Check out SGDClassifier and partial_fit()...I've used these to good effect.
Also, PROTIP: if you want decent help, don't piggy-back on threads that
have nothing to do with your question.
Just sayin'.
On 16 November 2012 12:23, Ronnie Ghose <[email protected]> wrote:
> Any ideas for online learning with Scikit? I have a data set that is >
> 20gb that I want to train on.... I don't think I can do that easily, so
> what should I do?
>
> Thanks,
> Shomiron Ghose
>
>
> On 15 November 2012 15:45, Fred Mailhot <[email protected]> wrote:
>
>> Dear list,
>>
>> I'm using GridSearchCV to do some simple model selection for a text
>> classification task. I've got it working (see below for caveat), but I'm
>> not convinced that I'm making the best use of this tool. If someone has the
>> time/inclination, I'd love a set of eyes to check the following gist to see
>> if I'm doing this correctly:
>>
>> https://gist.github.com/e2ca1910450819a8a28
>>
>> Also, for some reason this is throwing errors when I set n_jobs to
>> anything other than 1. I'm on OS X 10.7.4, using sklearn 0.13. The
>> traceback looks like:
>>
>> Process PoolWorker-1:
>> Traceback (most recent call last):
>> File
>> "/System/Library/Frameworks/Python.framework/Versions/2.7/lib/python2.7/multiprocessing/process.py",
>> line 232, in _bootstrap
>> self.run()
>> File
>> "/System/Library/Frameworks/Python.framework/Versions/2.7/lib/python2.7/multiprocessing/process.py",
>> line 88, in run
>> self._target(*self._args, **self._kwargs)
>> File
>> "/System/Library/Frameworks/Python.framework/Versions/2.7/lib/python2.7/multiprocessing/pool.py",
>> line 59, in worker
>> task = get()
>> File
>> "/System/Library/Frameworks/Python.framework/Versions/2.7/lib/python2.7/multiprocessing/queues.py",
>> line 352, in get
>> return recv()
>> TypeError: ('data type not understood', <type 'numpy.dtype'>, ('S0', 0,
>> 1))
>> Process PoolWorker-2:
>> [...etc etc ad infinitum]
>>
>> Has anyone else come across this, or perhaps have any insight into what's
>> going on? Needless to say, this grid search is taking FOREVER (ca. 10hrs
>> thus far, and only about halfway through), and I'd love to be able to
>> parallelize it.
>>
>> Many thanks,
>> Fred.
>>
>>
>>
>> ------------------------------------------------------------------------------
>> Monitor your physical, virtual and cloud infrastructure from a single
>> web console. Get in-depth insight into apps, servers, databases, vmware,
>> SAP, cloud infrastructure, etc. Download 30-day Free Trial.
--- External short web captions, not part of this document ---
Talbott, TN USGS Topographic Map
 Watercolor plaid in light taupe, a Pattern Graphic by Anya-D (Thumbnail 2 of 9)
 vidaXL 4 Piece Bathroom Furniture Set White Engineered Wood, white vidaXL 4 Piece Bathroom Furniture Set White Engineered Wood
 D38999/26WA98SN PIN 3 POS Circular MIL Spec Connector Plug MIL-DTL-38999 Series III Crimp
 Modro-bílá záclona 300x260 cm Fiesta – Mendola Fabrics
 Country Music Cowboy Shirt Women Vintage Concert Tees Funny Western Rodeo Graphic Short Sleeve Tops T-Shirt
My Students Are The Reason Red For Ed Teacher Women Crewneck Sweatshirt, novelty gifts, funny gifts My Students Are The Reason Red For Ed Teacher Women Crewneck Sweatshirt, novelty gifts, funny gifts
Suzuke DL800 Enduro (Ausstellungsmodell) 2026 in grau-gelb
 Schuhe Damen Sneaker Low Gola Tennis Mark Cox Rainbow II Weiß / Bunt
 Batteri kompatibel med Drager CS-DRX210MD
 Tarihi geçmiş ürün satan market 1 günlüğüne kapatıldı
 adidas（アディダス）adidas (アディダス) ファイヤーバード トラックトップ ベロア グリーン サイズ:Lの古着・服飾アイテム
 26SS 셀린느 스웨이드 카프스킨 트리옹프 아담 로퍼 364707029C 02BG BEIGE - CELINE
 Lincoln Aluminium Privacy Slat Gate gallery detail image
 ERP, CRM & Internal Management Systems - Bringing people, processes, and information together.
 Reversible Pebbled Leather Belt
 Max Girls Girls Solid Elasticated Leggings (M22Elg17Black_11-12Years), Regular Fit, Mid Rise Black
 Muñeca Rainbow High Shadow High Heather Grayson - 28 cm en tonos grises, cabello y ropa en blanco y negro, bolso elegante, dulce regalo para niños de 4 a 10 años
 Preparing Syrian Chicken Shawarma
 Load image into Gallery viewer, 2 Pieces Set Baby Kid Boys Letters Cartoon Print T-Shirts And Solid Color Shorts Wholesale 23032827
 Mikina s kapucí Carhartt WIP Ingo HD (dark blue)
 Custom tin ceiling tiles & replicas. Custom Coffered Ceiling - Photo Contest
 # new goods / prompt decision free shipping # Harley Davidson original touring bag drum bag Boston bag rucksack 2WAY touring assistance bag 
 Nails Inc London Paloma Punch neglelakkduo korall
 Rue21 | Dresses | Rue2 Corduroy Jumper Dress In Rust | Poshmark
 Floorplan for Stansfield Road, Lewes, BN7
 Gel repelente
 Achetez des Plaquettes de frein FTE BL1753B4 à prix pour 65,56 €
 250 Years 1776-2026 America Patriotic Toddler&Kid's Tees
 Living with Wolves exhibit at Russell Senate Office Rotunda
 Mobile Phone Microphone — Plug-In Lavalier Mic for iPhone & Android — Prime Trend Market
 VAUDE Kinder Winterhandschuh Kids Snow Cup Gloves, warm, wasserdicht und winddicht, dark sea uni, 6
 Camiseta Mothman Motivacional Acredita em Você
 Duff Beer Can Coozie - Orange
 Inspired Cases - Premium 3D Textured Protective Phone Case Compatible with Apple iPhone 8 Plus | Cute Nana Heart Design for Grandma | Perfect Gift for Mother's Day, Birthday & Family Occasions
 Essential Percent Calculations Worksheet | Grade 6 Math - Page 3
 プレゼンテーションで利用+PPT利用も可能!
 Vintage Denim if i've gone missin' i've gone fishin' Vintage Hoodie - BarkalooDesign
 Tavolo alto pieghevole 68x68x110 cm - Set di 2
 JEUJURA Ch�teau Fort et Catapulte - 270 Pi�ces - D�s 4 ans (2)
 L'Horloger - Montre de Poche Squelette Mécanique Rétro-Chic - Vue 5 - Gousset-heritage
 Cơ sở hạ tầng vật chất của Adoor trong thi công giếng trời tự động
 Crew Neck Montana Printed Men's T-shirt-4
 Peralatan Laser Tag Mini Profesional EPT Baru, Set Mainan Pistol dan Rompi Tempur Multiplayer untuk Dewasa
>> Pricing starts from $795 for 25 servers or applications!
>> http://p.sf.net/sfu/zoho_dev2dev_nov
>> _______________________________________________
>> Scikit-learn-general mailing list
>> [email protected]
>> https://lists.sourceforge.net/lists/listinfo/scikit-learn-general
>>
>>
>
>
> ------------------------------------------------------------------------------
> Monitor your physical, virtual and cloud infrastructure from a single
> web console. Get in-depth insight into apps, servers, databases, vmware,
> SAP, cloud infrastructure, etc. Download 30-day Free Trial.
> Pricing starts from $795 for 25 servers or applications!
> http://p.sf.net/sfu/zoho_dev2dev_nov
> _______________________________________________
> Scikit-learn-general mailing list
> [email protected]
> https://lists.sourceforge.net/lists/listinfo/scikit-learn-general
>
>
------------------------------------------------------------------------------
Monitor your physical, virtual and cloud infrastructure from a single
web console. Get in-depth insight into apps, servers, databases, vmware,
SAP, cloud infrastructure, etc. Download 30-day Free Trial.
Pricing starts from $795 for 25 servers or applications!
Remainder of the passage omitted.